Personal accounts, like Kisner’s, are more educational.

“Twelve hours after being drugged, I woke up shaking in John’s bed, fully clothed, and on top of the covers,” Kisner wrote. “My knowledge of the interim is pieced together mostly from what he told me. Apparently, I’d grown radiantly happy and then quickly, dramatically incapacitated. I’d stopped talking, and then walking. I ran into walls.”

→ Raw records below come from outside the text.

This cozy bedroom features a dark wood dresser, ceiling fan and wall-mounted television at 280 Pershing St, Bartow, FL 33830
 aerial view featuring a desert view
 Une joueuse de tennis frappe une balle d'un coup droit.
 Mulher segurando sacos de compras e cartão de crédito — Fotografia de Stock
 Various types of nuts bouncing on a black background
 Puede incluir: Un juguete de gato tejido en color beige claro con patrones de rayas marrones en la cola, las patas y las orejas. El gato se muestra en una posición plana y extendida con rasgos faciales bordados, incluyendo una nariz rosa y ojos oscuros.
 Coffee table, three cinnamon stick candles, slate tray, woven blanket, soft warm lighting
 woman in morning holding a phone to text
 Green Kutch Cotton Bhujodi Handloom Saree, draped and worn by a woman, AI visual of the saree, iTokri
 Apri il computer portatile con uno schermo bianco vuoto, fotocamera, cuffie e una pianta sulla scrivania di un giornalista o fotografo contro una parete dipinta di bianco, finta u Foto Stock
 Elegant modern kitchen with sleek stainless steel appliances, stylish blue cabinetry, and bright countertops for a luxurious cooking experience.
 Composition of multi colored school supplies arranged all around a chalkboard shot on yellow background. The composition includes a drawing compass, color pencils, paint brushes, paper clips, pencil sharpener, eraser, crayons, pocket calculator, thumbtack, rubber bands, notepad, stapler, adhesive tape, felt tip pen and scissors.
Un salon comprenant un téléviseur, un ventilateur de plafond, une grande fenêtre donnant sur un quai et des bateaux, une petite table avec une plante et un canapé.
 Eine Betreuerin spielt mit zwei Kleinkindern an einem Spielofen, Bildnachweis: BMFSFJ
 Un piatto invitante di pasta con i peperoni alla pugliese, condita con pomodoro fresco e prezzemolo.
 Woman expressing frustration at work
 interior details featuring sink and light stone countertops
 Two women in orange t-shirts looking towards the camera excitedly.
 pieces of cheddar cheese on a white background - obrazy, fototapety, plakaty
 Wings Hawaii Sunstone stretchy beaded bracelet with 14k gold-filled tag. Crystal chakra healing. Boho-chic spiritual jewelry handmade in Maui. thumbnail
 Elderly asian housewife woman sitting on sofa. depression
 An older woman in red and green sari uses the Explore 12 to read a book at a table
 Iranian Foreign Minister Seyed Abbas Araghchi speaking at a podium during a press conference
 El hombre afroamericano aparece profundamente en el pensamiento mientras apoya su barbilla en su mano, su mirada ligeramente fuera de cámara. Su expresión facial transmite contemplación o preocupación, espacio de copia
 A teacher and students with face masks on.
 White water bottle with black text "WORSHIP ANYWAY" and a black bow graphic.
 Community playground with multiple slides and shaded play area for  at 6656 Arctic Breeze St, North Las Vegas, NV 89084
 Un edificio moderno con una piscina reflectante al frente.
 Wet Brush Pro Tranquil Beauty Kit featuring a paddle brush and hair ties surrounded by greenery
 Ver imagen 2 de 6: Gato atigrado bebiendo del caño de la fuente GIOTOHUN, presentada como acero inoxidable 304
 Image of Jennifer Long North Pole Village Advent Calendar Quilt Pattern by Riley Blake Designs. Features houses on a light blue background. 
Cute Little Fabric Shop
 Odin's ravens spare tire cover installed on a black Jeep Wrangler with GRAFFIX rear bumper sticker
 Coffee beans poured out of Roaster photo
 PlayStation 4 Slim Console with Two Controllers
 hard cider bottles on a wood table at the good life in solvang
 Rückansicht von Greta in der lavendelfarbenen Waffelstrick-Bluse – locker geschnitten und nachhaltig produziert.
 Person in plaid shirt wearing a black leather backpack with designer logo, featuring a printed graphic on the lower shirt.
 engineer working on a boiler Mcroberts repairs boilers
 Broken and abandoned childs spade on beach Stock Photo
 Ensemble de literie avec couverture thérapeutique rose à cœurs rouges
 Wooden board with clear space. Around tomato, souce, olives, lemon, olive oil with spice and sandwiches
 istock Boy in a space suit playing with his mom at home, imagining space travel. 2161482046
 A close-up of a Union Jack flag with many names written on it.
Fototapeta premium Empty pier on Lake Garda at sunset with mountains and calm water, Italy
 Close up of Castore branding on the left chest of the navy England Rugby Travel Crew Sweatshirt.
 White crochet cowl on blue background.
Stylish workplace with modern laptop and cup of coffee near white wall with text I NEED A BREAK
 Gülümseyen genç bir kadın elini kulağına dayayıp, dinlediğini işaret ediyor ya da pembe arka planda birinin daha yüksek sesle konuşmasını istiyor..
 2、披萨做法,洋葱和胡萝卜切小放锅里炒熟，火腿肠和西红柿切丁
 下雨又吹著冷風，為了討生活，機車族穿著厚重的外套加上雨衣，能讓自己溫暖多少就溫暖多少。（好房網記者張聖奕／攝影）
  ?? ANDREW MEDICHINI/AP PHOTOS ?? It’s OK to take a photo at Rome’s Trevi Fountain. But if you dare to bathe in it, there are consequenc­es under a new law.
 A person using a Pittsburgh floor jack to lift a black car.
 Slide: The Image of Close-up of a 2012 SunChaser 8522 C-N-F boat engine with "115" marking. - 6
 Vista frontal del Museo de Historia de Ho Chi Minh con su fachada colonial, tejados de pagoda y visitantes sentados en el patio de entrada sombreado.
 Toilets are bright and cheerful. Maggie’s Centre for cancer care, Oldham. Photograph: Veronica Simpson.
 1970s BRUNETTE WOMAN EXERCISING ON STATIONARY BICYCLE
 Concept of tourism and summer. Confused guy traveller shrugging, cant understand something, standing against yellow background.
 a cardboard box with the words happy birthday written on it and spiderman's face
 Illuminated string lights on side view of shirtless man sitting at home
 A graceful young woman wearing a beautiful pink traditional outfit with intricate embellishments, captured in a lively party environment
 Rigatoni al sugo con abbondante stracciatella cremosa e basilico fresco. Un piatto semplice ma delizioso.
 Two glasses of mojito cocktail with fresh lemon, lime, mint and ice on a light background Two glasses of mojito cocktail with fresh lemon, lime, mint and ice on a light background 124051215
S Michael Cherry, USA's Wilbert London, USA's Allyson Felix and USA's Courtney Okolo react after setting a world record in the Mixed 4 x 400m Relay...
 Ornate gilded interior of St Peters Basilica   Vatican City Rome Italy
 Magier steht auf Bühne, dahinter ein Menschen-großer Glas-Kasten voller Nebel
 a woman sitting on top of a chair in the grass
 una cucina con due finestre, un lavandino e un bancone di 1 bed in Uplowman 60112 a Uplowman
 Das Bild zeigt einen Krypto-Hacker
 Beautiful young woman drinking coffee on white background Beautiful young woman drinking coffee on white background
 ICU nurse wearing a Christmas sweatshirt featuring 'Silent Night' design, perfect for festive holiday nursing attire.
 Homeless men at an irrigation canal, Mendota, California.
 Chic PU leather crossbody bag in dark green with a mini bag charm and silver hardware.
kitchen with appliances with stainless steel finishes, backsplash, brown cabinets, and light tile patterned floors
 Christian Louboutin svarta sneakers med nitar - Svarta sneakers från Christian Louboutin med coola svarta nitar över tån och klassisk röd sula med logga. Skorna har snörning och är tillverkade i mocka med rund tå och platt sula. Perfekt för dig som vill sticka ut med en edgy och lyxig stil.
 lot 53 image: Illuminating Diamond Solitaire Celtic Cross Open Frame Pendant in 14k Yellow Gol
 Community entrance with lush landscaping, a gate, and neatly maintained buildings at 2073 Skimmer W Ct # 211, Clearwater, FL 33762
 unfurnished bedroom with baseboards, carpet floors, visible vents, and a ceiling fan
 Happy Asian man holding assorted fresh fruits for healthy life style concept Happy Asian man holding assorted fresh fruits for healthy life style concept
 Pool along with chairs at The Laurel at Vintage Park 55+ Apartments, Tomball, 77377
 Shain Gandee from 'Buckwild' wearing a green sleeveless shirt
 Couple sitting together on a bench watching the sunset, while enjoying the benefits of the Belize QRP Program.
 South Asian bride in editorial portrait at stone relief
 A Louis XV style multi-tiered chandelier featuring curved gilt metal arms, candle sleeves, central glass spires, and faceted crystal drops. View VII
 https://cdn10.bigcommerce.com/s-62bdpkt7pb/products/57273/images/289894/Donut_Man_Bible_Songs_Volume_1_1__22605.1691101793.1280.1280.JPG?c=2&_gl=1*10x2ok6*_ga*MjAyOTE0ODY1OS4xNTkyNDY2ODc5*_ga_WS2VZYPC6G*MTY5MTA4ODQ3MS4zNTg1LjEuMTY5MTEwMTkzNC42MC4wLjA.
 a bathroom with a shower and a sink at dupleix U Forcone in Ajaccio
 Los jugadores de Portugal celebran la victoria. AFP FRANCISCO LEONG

“He took me back to his apartment to put me to bed, but I managed to lock myself in his bathroom for 30 minutes and either wouldn’t or couldn’t respond to his attempts to coax me out,” she continued. “When I finally emerged, he suggested I sit down, and I sat. He told me I should drink water, and I wordlessly accepted the cup. This was what unnerved him the most in the retelling: how pliable I had been. ‘You would do things, but you weren’t there,’ he said.”

Perhaps the most startling aspect of Kisner’s account was the fact she wasn’t a victim to any violence.

Obviously, this is a good thing.

But it begs a question around the motivations of the person doing the drugging. Why? 

Kisner asked around. She found many people had experienced the same thing. Drugged. No memory. But no danger.

“Dave was drugged while hanging out in a gay bar with some friends; Zelda was drugged when she went out with co-workers in Soho; Kate was drugged at a club in midtown; Trenton at a club in the Meatpacking District,” her article reads. “Each was incapacitated in the moment, violently ill afterward, and otherwise physically unharmed. No one ever reported to the police.”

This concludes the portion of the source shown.